━━━ INPUT RECORDS

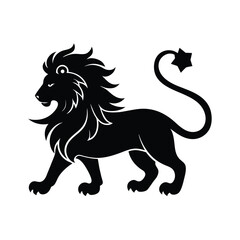 Black silhouette of a majestic lion facing left with a star-shaped tail isolated on a white background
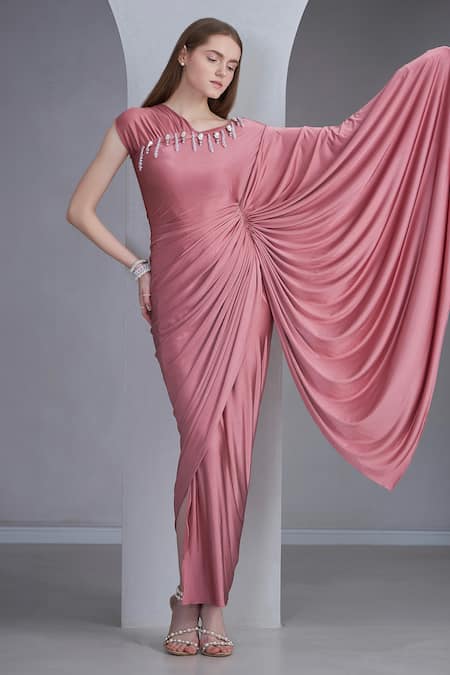 Buy Naina Seth Pink Lycra Pearls Asymmetric Tassel Embellished Draped Gown Online at Aza Fashions Buy_Naina Seth_Pink Lycra Pearls Asymmetric Tassel Embellished Draped Gown _Online_at_Aza_Fashions
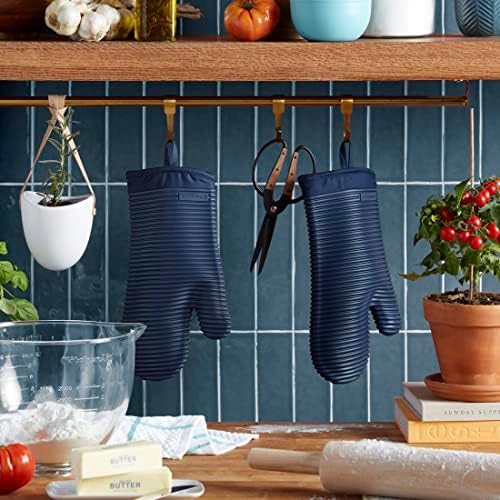 KITCHENAID Ribbed Soft Silicone Oven Mitt 2-Pack Set, 7.5"x13", Ink Blue - Image 2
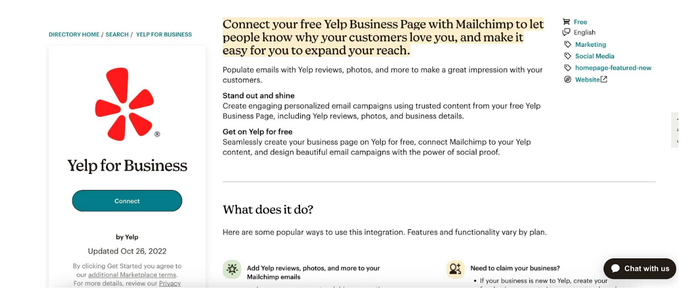 Yelp mailchimp integration
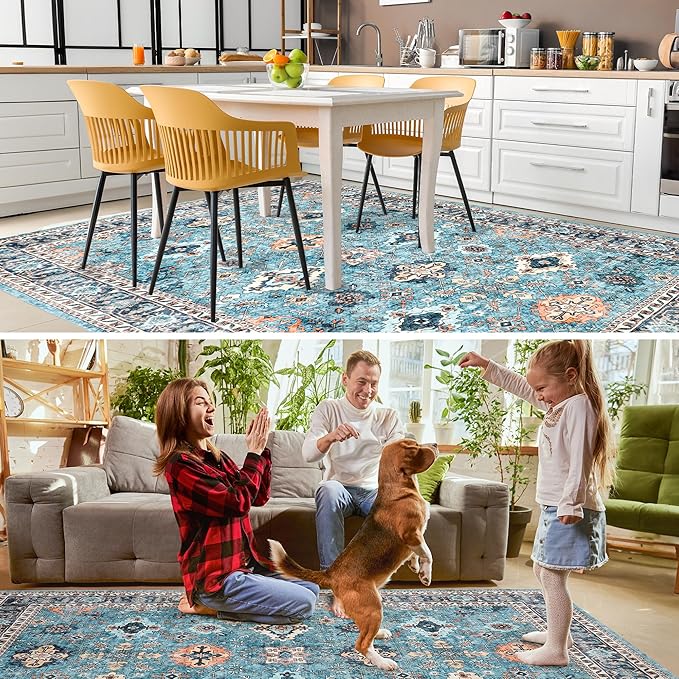 2x3 Area Rugs, Washable Entry Rug Indoor Door Mat Stain Resistant Non-Slip Non-Shedding Carpet Vintage Boho Rug Small Bath Mat Low Pile Rug for Entryway Kitchen Laundry Bathroom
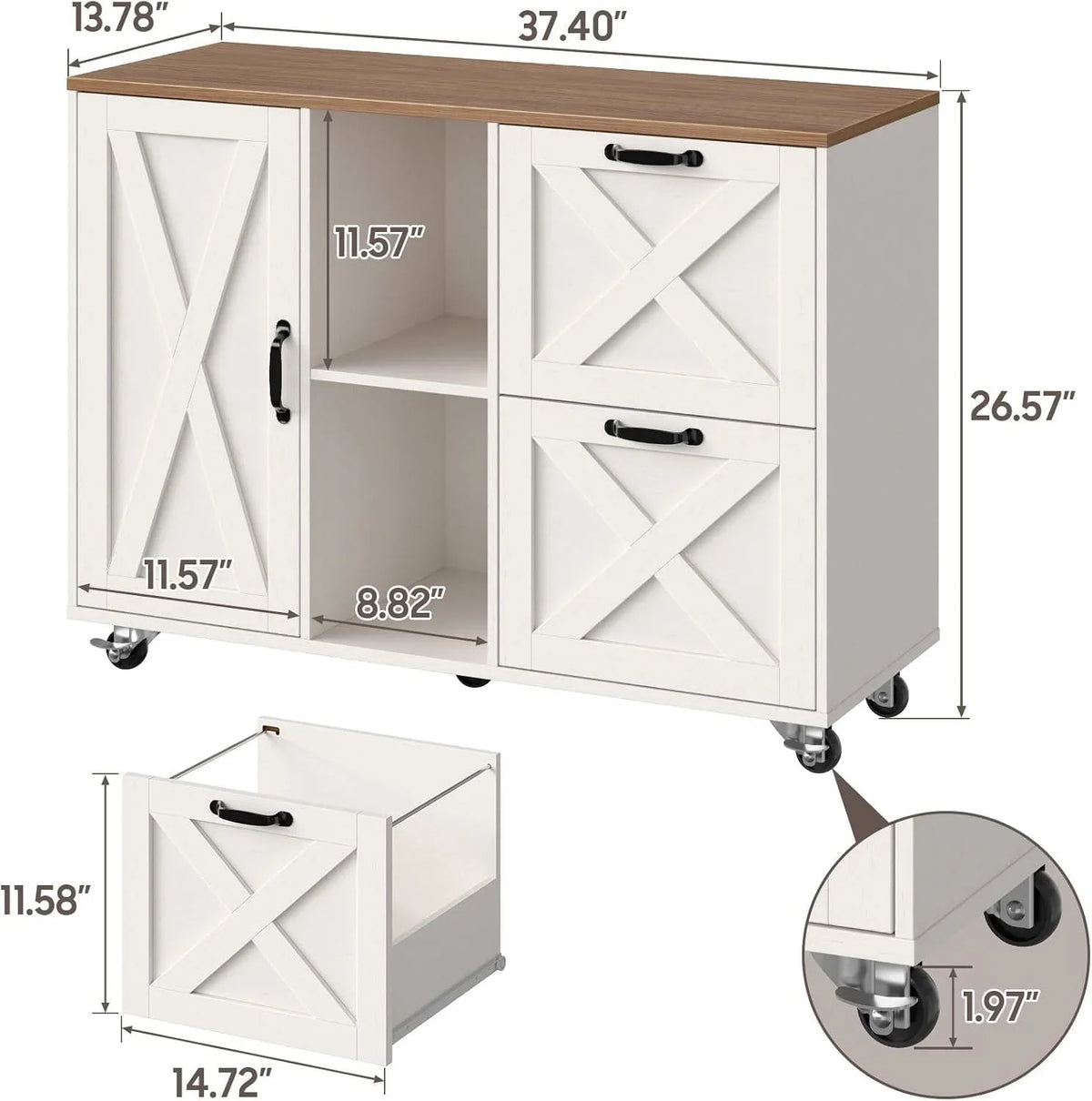 Vabches 2 Drawer Lateral File Cabinet,Mobile Wood office Cabinet for Home Office,Printer Stand with Open Storage Shelves.
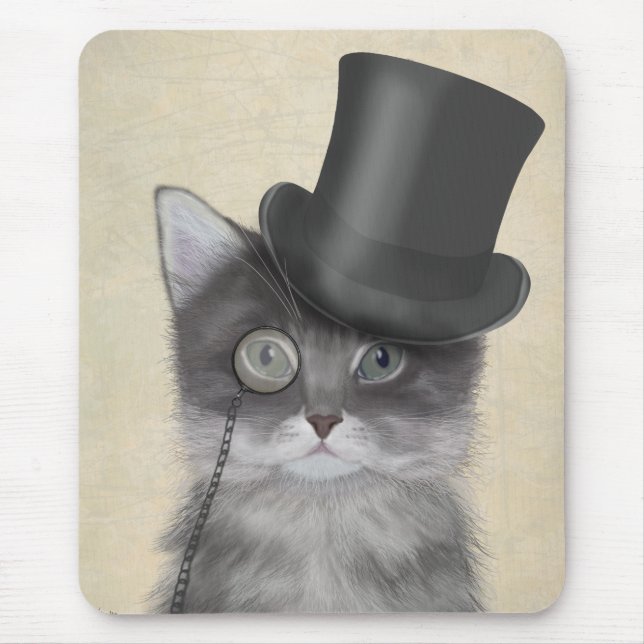 Grey Cat with Top Hat Mouse Mat (Front)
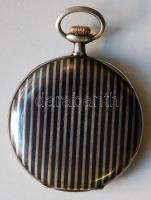 cca 1920 Longines svájci ezüst (Ag) zsebóra elegáns niello-díszítéssel, duplasoros porcelán számlapp...
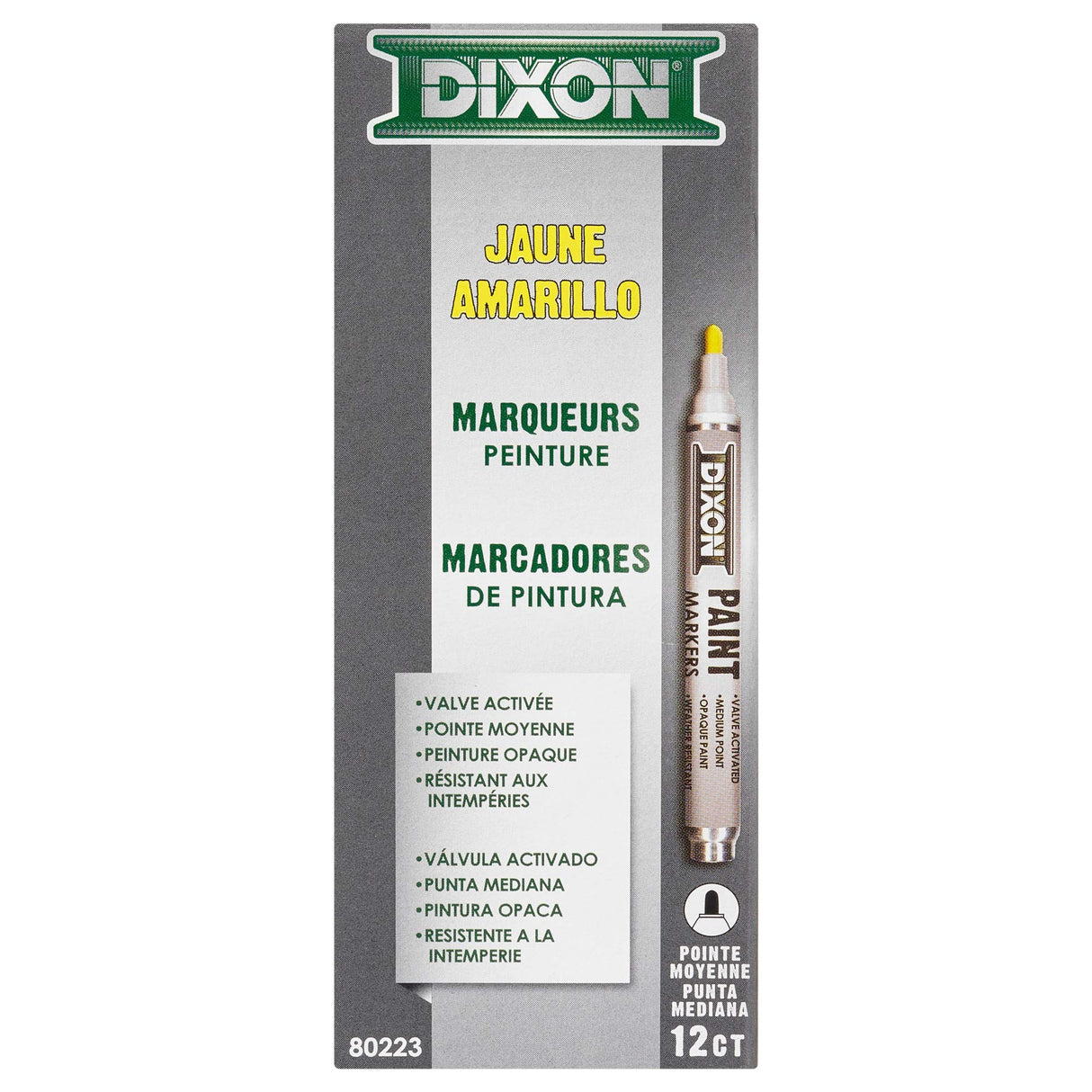 Dixon Paint Markers, Medium Tip, Box of 12, Yellow (80223) Dixon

━━━━━━

(WORK REQUIRED):
The answer must be the lines above, word for word, from the first one through the line with "2x3 Area Rugs, Washable", pictures excluded.

(TASK OUTPUT):
 Black silhouette of a majestic lion facing left with a star-shaped tail isolated on a white background
 Buy Naina Seth Pink Lycra Pearls Asymmetric Tassel Embellished Draped Gown Online at Aza Fashions Buy_Naina Seth_Pink Lycra Pearls Asymmetric Tassel Embellished Draped Gown _Online_at_Aza_Fashions
 KITCHENAID Ribbed Soft Silicone Oven Mitt 2-Pack Set, 7.5"x13", Ink Blue - Image 2
 Yelp mailchimp integration
 2x3 Area Rugs, Washable Entry Rug Indoor Door Mat Stain Resistant Non-Slip Non-Shedding Carpet Vintage Boho Rug Small Bath Mat Low Pile Rug for Entryway Kitchen Laundry Bathroom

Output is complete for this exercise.